One of my favorite games from back in the 1980s was Telengard, a sort of graphic roguelike which I played A LOT on my Commodore 64. There are a few ports and remakes available now, but while I found a few that could be played online, I didn’t find any which I could successfully install on the ThinkPad. No big deal; there are ways to get around this, including porting the Commodore BASIC source code to Javascript and having it run in the browser. It wouldn’t take long; anything that could run on a C64 is miniscule compared to even the most rudimentary of games available now.
But my research turned up one interesting bit of trivia: Back in 2005 someone released an updated version of Telengard, which I had downloaded and played once upon a time. That person was Travis Baldree, who wrote the absolutely wonderful book Legends and Lattes. Baldree is one of the developers of Torchlight, also one of my favorite games, and one which I played A LOT back around 2012 – 2015.
Another week with little writing, though I do have a plan to start some deep worldbuilding for the rewrite of my 2022 NaNoWriMo project Cacophonous.

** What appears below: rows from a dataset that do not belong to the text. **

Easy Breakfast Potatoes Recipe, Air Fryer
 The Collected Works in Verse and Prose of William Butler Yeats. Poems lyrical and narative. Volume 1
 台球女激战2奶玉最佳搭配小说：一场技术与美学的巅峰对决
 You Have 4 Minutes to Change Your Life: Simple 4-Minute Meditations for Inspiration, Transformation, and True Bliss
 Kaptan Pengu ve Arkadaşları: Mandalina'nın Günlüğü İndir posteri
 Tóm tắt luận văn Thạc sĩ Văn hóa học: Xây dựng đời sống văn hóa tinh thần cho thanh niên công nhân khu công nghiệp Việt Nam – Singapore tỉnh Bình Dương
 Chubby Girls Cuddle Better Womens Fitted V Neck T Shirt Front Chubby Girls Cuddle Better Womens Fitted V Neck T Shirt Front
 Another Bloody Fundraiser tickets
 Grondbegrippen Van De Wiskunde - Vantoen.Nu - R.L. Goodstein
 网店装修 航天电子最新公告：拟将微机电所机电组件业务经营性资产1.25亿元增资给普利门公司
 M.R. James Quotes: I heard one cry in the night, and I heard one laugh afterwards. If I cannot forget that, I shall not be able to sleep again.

Just too much noise in the world right now.
I’ve been a fan of John Zorn since I first heard his album The Gift while sitting in Common Ground Coffee House in the early 2000s. “Baphomet” is a single track and also an album, prog rock by way of avant-garde jazz, and a fantastic listen. I think the theme music for writing Cacophonous, when I finally get around to it, will be Zorn’s oeuvre, mixed and randomized and on heavy rotation.
Another super-busy week. The only time I had to myself was on the walk to and from work on Monday and Wednesday. That’s when I took this photo of the entrance to the Keeler building on Fountain Street.
Reading
I am close to done with Babel by R.F. Kuang, and loving every page of it.